O tym, czy takie wyniki „dają mistrzostwo”…
Szczerze mówiąc, to ostatnia rzecz, o której teraz myślę. Żeby wygrać na wyjeździe z Newcastle, trzeba mieć jakość – zwłaszcza przy takiej atmosferze. Nie chodzi o jakość piłkarską, bo tego dziś nie pokazaliśmy – może poza ostatnią bramką, która wyglądała tak, jak to widzę codziennie na treningach. Ale trzeba mieć mentalność, by walczyć w tak wrogim środowisku – to jest coś, co też musisz mieć, jeśli chcesz rywalizować na końcu sezonu. Samo zwycięstwo to jedno, ale żeby w ogóle się liczyć, potrzebujesz właśnie takiej mentalności – a to dzisiaj pokazaliśmy.
Komentarze (23)
Drugi bohater Kerkez, jak narazie kiepsko to wygląda. Słabo z tyłu, słabo z przodu. Tylko te słabe z przodu to nie wiem czy to nie wynika z założeń taktycznych, bo w poprzednim klubie ładnie szalał wzdłuż linii.

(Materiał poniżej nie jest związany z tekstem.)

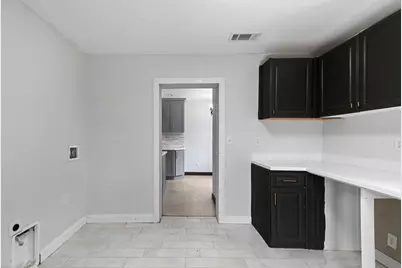 271 Anderson Drive, Mary Esther, FL 32569 - Photo 16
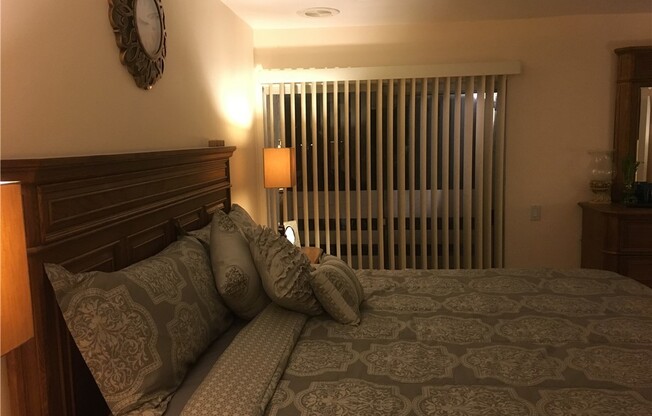 2 beds, 2.5 baths, 1,368 sqft, $2,980, Unit 506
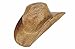 Peter Grimm Men's Maverick Drifter Hat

Wirtz też ma ciężkie wejście do PL, gdzie dużo szybciej się gra, zawodnicy są cholernie silni.
Ogólnie nowi mają czas żeby się wprowadzić, ale na Konate już nie mogę patrzeć.
Jednak patrząc obiektywnie to był świetny mecz, Newcastle, co oczywiste ostro się postawiło i zagrało niesamowity mecz (co może ich kosztować kilka kontuzji). Szabo..., Pan piłkarz. Wyrasta na mojego ulubieńca, mega serduch do walki.
Maszyna ruszyła, jak przyjdzie zgranie i polot w grze znów będziemy ciężcy do zatrzymania.
To jest piękny czas dla kibica Liverpoolu !
Fart sie zapowiada przed samym meczem xD
Arne do licha to my graliśmy w przewadze! Nie wiem jakieś zmiany wcześniej, zmiana planu, z resztą czerwona była tuż przed przerwą, więc w szatni coś poszło nie tak, skoro oni nas zdominowali w drugiej połowie! Mam nadzieję, że jednak sztab wyciągnie wnioski i zaczniemy grać w piłkę tak jak w ostatniej akcji..
Nuniez wychodził genialnie na pozycję, zajmował obrońców, wygrywał pojedynki w górze. Diaz i Jota to byli czarodzieje zawsze zrobili coś z niczego. Zamiast nich mamy jak na razie słabego Wirtza , katastrofalnego Kerkeza i Ekitike , który głową nie gra wcale. To nie sa wzmocnienia.